Review: Vicious by V.E. Schwab

I adored the first couple of chapters. The way Schwab sets up this alternate reality world, and sucks you in by flashing forward, is brilliant. 

Here’s a synopsis: Victor and Eli start out as college roommates. As seniors, Eli comes up with an idea of working on EO’s for his thesis. EO stands for ExtraOrdinary, a kind of fabled superhero that might or might not exist. This leads both Victor and Eli down very dark, disturbing, dare I say “vicious” and “villainous” paths.

On Goodreads, the world is described as “a gritty comic-book-style world,” which is completely accurate. Schwab’s worldbuilding is one of her strengths; even Lockland University is very grounded, and feels very concrete and interesting. 

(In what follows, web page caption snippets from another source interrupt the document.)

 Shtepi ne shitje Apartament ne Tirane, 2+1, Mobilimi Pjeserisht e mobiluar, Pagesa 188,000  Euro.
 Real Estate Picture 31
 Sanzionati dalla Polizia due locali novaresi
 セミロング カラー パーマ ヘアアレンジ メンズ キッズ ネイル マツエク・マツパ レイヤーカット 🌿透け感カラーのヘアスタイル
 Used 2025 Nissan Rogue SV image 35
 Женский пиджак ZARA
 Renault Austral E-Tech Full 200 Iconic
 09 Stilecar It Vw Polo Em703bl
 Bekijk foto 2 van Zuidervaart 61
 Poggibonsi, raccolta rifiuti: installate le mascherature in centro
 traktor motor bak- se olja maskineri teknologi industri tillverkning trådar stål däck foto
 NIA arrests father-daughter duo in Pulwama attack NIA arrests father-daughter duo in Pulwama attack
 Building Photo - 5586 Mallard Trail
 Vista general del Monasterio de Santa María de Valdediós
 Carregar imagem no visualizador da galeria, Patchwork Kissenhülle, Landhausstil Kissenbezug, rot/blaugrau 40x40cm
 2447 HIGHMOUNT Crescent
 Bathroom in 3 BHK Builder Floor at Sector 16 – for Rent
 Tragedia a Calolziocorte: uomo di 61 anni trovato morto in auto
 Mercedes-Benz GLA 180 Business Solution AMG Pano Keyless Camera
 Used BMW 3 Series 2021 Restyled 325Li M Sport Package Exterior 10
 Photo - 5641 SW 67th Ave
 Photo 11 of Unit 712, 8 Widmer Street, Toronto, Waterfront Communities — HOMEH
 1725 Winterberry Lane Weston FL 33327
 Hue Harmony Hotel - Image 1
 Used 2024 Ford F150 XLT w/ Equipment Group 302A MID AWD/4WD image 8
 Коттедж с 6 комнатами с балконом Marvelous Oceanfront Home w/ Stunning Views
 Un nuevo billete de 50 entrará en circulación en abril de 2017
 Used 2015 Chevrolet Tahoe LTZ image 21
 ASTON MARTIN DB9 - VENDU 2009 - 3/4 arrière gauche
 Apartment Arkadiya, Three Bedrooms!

I really enjoyed Victor’s love for blackout poetry. It just made him that much more interesting, especially since he always used his parents’ books. And my favorite characters are, of course, Sydney and Mitch. 

The book isn’t linear; it jumps back in forth in time, from 10 years ago to Victor and Eli in college to ten years in the future, after Victor breaks out of jail. In the beginning, this time jump felt clunky, and I was annoyed with it because it was a bit of a chore. However, it did start to flow better and work better about halfway through the book.

My biggest issue with the book was Eli’s character. Victor’s downwards descent was believable, from the many hints we get in the beginning that he has a darkness lurking in him. But Eli’s is a little too sudden, and we don’t really get a build up to him becoming a mass-murderer. I think his faith and “chosen by God” storyline was a little too…on the nose? It was a little too something. I feel like I wanted more depth to him.

There also is definitely a heavy trigger warning attached to this book, for suicide, death, violence…I almost stopped reading it near the beginning because, for a while, the whole book focuses heavily on near-death experiences, and it was a little too heavy, even for me, who enjoys dark storylines. But this is a book about villains, after all, or “anti-heroes.” 

Overall, the writing, worldbuilding, and the frame of the beginning and ending of the book were well done, and I enjoyed the story as a whole. I think the sequel has a lot of potential.